Действительный переход


Согласно нашей концепции, достижение пороговых условий и установление безличных отношений между элитами — это необходимые условия для институционализации открытого доступа. Однако исторические тенденции, которые приводят конкретное общество к пороговым условиям, могут оказаться недостаточными для обеспечения полноценного перехода. Кроме того, схожие исторические факторы не всегда приведут общество к тем же самым пороговым условиям. Различия в том, как общества приходят к пороговым условиям, скорее всего, увеличатся в случае более поздних переходов. Ведь после того, как у первопроходцев получилось осуществить переход, во всех остальных обществах произошли изменения во взглядах на то, как устроен мир, тем самым изменился сам процесс, ведущий к пороговому состоянию. Эти оговорки особенно актуальны в случае действительного перехода. Критический период для осуществления действительного перехода на Западе наступил в XIX в., когда политические и экономические организации приблизились к режиму открытого доступа, это привело к трансформации западных обществ. Тем не менее анализ того, почему подобное развитие произошло именно на Западе, обычно игнорирует события XIX в., вместо этого основное внимание уделяется долгому периоду с XVI по XVIII в., а также становлению национального государства, военному мастерству, технологическим инновациям, колониальному господству в мире, финансированию рынков и институциональным изменениям в широком смысле этого слова. Другими словами, в прежних подходах мы видим внимание к тому, что привело Запад к пороговому состоянию, но не к тому, что позволило осуществить непосредственный переход.

Взгляд на историю с опорой на такие масштабные периоды позволяет сделать целый ряд важных открытий. Один из нарративов о подъеме современных обществ в Великобритании, Франции и США фокусируется на интеллектуальной истории становления идей Просвещения, а также на возможном воплощении этих идей в конкретных политических институтах; данный процесс длился столетиями. К концу XVIII в. элиты в Великобритании, Франции и США зафиксировали целый рад прав, которыми должны пользоваться все граждане. Однако в 1800 г. данные права имели еще даже не все члены элит. Доступ к экономическим и политическим организациям не был открытым даже внутри элит, а просвещенная политическая мысль того времени рассматривала партии и организованные экономические группы интересов как угрозу правам элит.

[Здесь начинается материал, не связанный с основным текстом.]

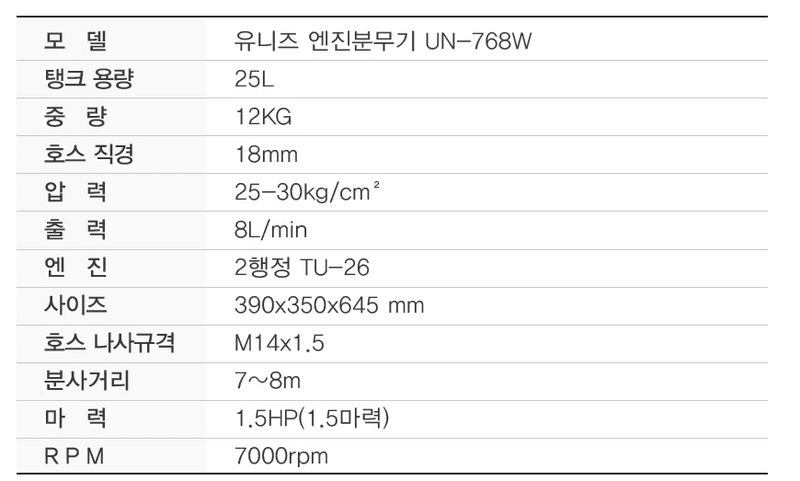 유니즈님의 장터 판매 상품 [유니즈 엔진 분무기 1.5마력 25L 2행정 농약분무기 UN-768W] 첨부 사진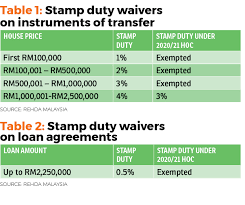 Check spelling or type a new query. Best Time To Buy A First Hand Home Edgeprop My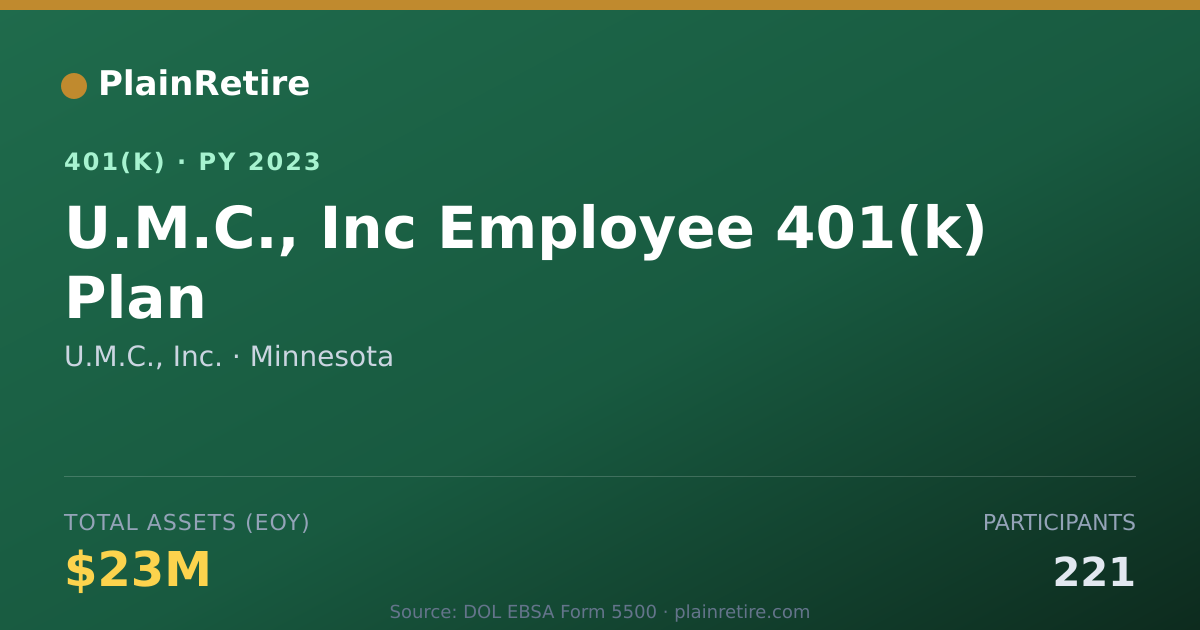 Shareable card for U.M.C., Inc. 401(k) Plan (2023)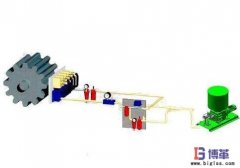 <b>設備潤滑的目的是什么？</b>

В большей части интеллектуальных, политических и экономических исследований по истории современности предпринимается попытка выявления предварительных условий возникновения институтов новых западных протодемократий. Питер Гей в своей истории Просвещения в завершение публикует эссе, посвященное «Федералисту», там он с одобрением цитирует циркуляр, направленный Джорджем Вашингтоном губернаторам штатов после победы в войне 1783 года:

Основание нашей империи пришлось не на мрачный век невежества и суеверия, но на эпоху, когда права людей оказались лучше всего поняты и определены; результаты поиска человеческим разумом социального благополучия значительны, сокровища, накопленные трудами философов, мудрецов и законодателей за многие годы работы, лежат перед нашим взором, вся эта совокупная мудрость может быть успешно использована для установления наших форм правления (Gay, 1969, р. 560).

«

Федералист» заслужил настоящее бессмертие как классика в искусстве политики. Это также классическая работа Просвещения, ценный преемник работы Монтескье «О духе законов» и важное дополнение работы «Об общественном договоре» Руссо (Gay, 1969, р.563).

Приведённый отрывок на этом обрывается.